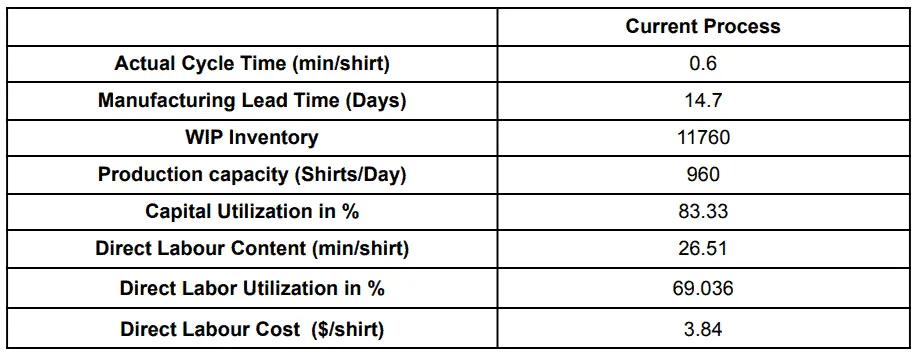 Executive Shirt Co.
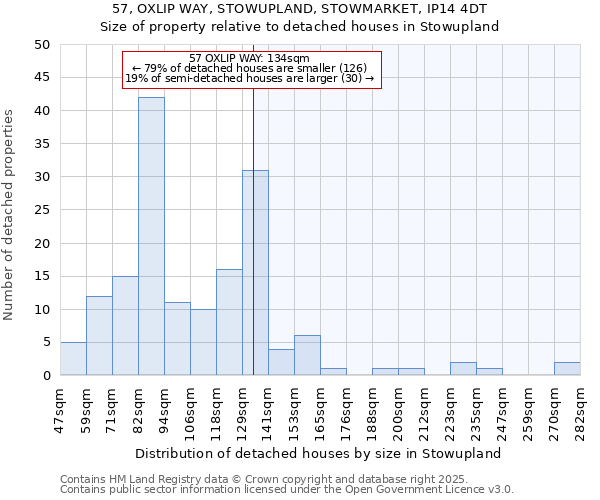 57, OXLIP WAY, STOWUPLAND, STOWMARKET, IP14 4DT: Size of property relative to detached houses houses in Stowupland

--

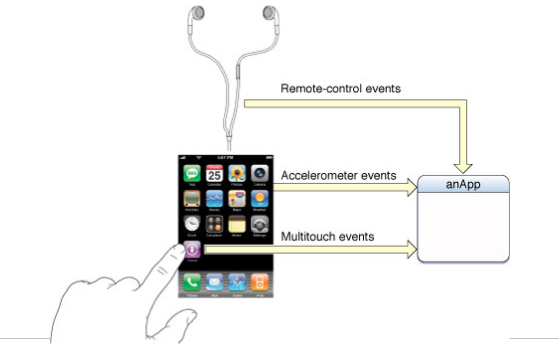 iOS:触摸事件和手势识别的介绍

Exercise
Transcribe, from the material above, the stretch starting at the line with "Executive Shirt Co." and ending at the line with "57, OXLIP WAY, STOWUPLAND, STOWMARKET, IP14", both included, exactly. Do not carry over pictures.

Exercise result
 Executive Shirt Co.
 57, OXLIP WAY, STOWUPLAND, STOWMARKET, IP14 4DT: Size of property relative to detached houses houses in Stowupland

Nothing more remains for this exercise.